About this exercise:
Begin with the first line below and retype each line exactly through the line containing "Flowers in nature, full colors Poster". Any pictures are to be left out.

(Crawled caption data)
:::::
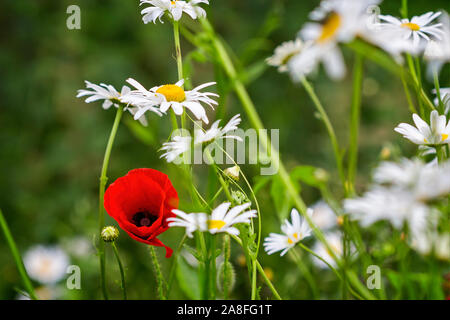 Leuchtend rote Mohnblüte in Unter weißen Gänseblümchen blüht Stockfoto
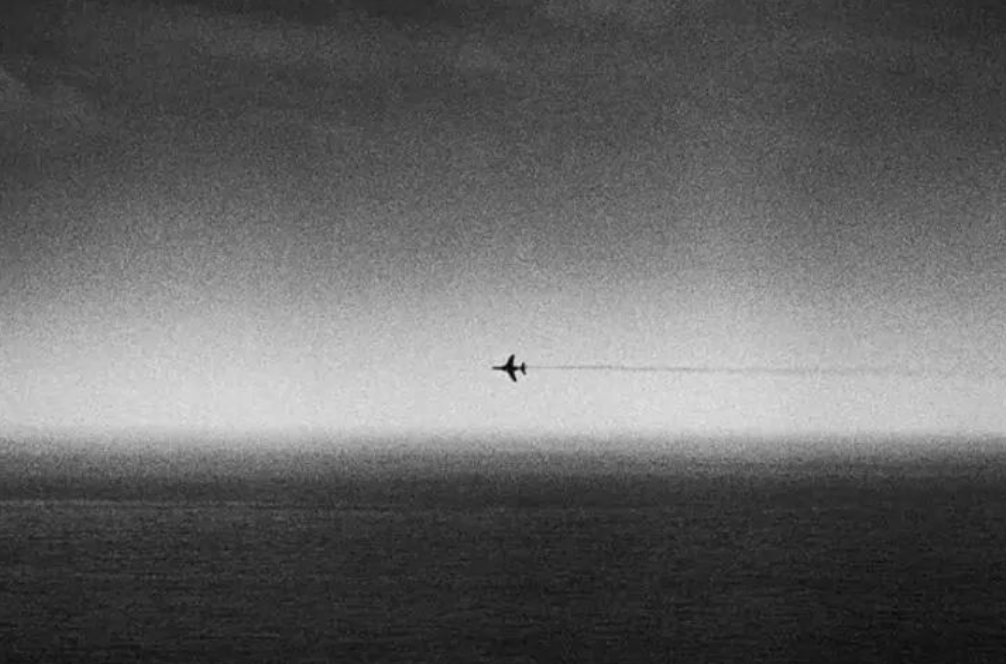 Sky 🦅 tweet media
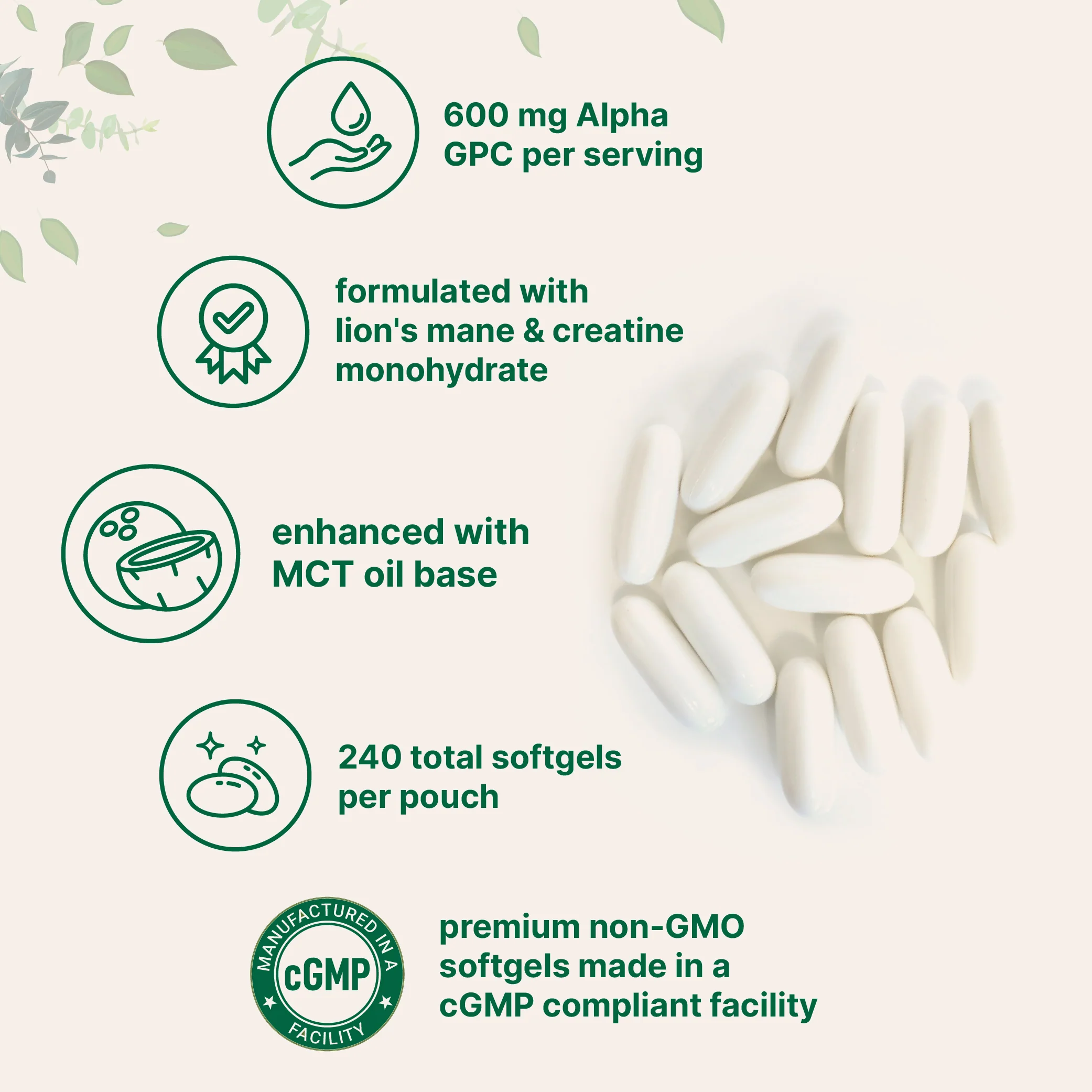 Micro Ingredients Alpha GPC 600mg with MCT Oil, 240 Softgels - Image 3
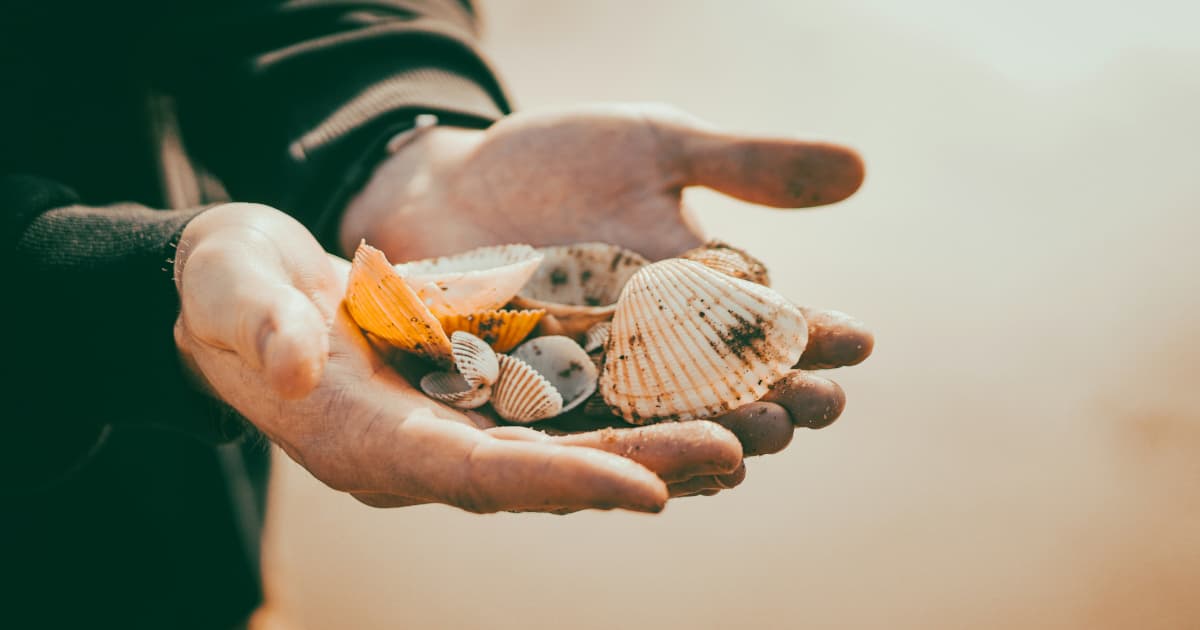 Psychiatry Exhibit at UCF Sparks Debate on Mental Health Treatment Ethics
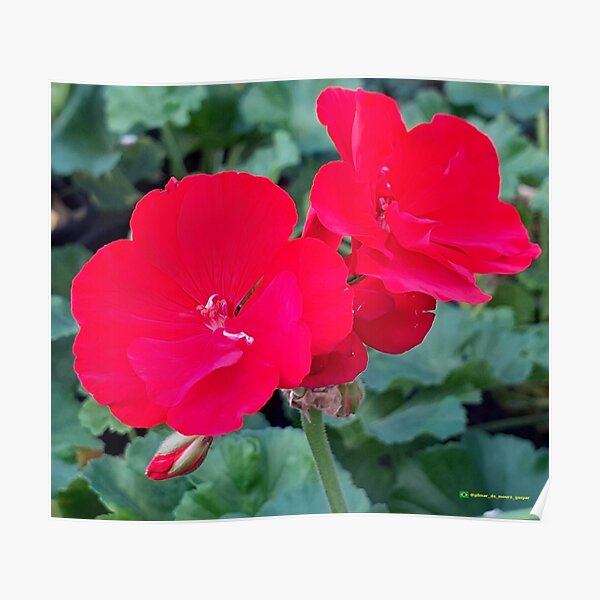 Flowers in nature, full colors Poster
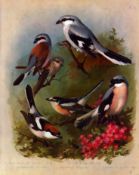 Archibald Thorburn Antique Scarce 2nd Edition Bird Print Shrike Family-13.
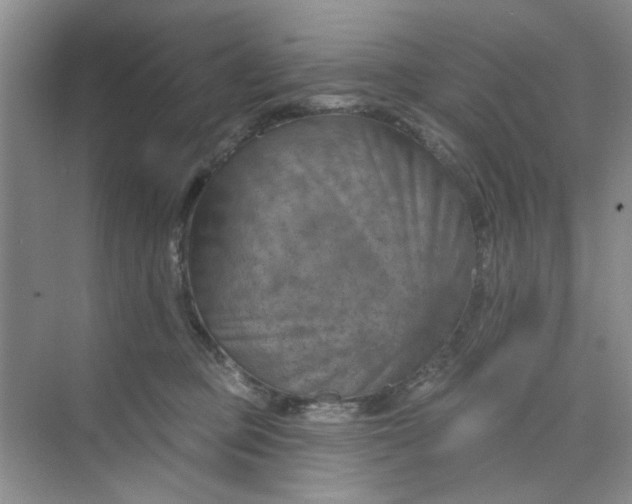 X0000075880373200609291646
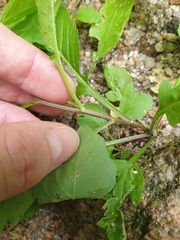 Rorippa indica, photograph author not stated, no rights reserved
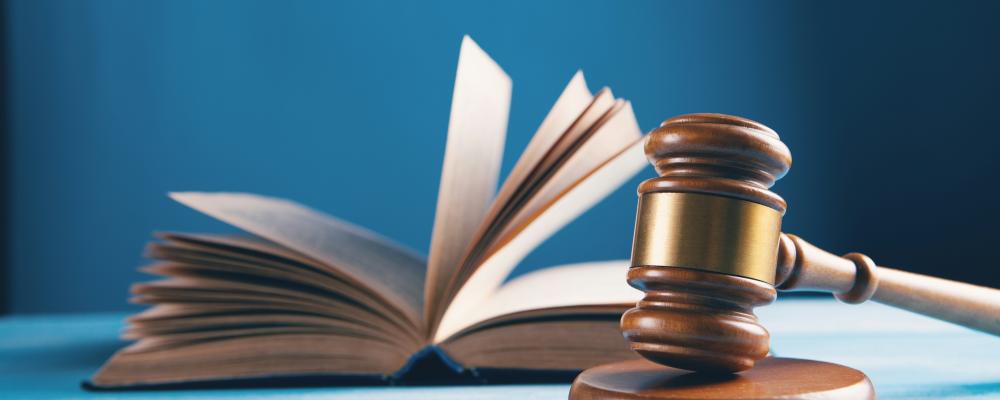 Naturskyddsföreningen har begärt rättsprövning av regeringens beslut att tillåta bygget av motortrafikleden Tvärförbindelse Södertörn i södra Stockholm. Foto: sasun bughdaryan /Unsplash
:::::
Output for this task:
 Leuchtend rote Mohnblüte in Unter weißen Gänseblümchen blüht Stockfoto
 Sky 🦅 tweet media
 Micro Ingredients Alpha GPC 600mg with MCT Oil, 240 Softgels - Image 3
 Psychiatry Exhibit at UCF Sparks Debate on Mental Health Treatment Ethics
 Flowers in nature, full colors Poster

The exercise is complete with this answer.